After my warm up I made my way to the start line and bumped into Paul. He had been back running a few weeks and like me was down to ‘see where he was’ from a current fitness perspective. After a long introduction the 500+ runners were off and the usual sprint was underway. I let about 10 runners go, knowing that their pace would not be sustained. After about 400m I was in the lead, but only briefly as a young lad streamed past me and opened up a 10-15 metre gap. I felt ok and went through the first mile in around 5:20. I felt I could sustain this pace and so decided not to catch the leader and let the race unfold. By about 2k the lead runner was starting to slow a little and I caught him at a corner as we both took it precariously, him more than me ;).
I had chosen my Adidas Adios Boost shoes and while they are light weight and very comfortable, they are not good in icy or wet conditions and I was slipping about the place, particularly on the corners.
As we turned the next corner we were running into the wind (about 10mph, enough to knock you back a little) and so I sat behind the lead runner for about 400m. Deciding that the pace was slowing too much I overtook the lead runner and opened a small gap, but I had went too soon and with about 1km to go, I knew that any further slowing would mean losing the lead again.
I dug deep in the last 400m to retain 1st position, crossing the line in a whisker under 17 minutes. Not my finest hour over this distance, but I was pleased with the effort. The average pace had slowed from the first mile, but that is usually the case. The event has given me an estimate of my current fitness level as I embark on this phase of training.
I’m now almost 4 weeks into my new training plan and while the mileage has been drastically cut the amount of effort based workouts has increased from my usual training. The variety of sessions and paces is really keeping me motivated and I feel fresher than I have for about 4 or 5 years. I am hoping that I can retain this freshness over the coming months. If I can then I will be more confident that I can start to produce some half decent times again.
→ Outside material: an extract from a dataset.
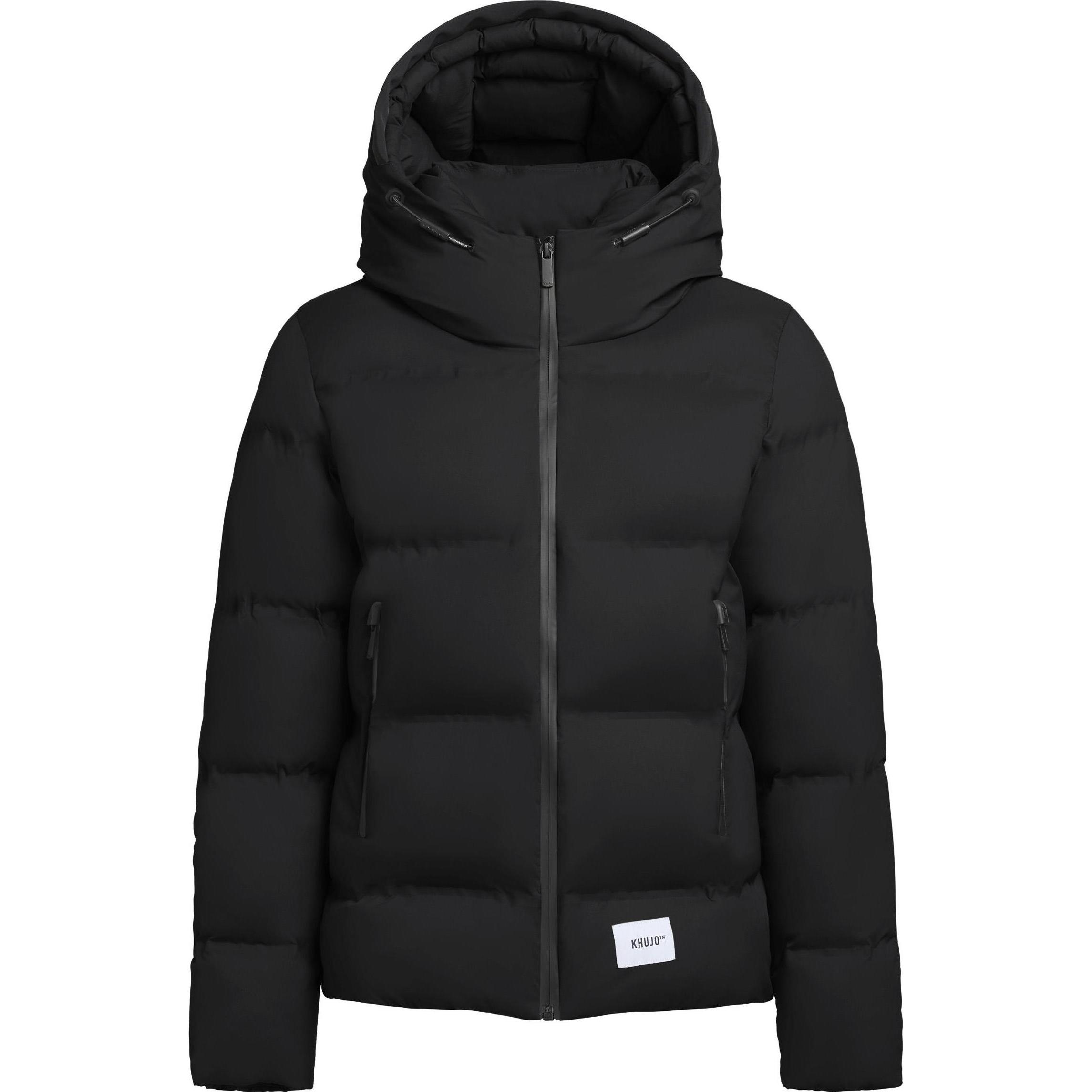 Khujo, Damen, Jacke, Liev-YM (XL), Schwarz, XL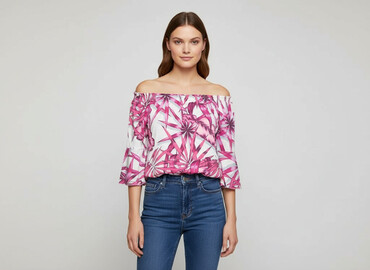 zielona marynarka damska reserved: Women's blouse, size S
There also isn’t any pain to report, another first for a long time. This is probably a combination of things, diet, mobility, stretching and reduced training volume, so would be difficult to pinpoint the most effective method. I don’t think I can remember the last time I was completely injury free. This helps with motivation: When you are carrying an injury or niggle it is very difficult to get out and run, the pain always at the back of your mind. I am looking forward to running now, again, having not felt like this for a number of years.
Things are looking up, it would be great to get to the start line of the next target race feeling fresh, well trained and ready to run well. I’m confident that this time around, this will happen.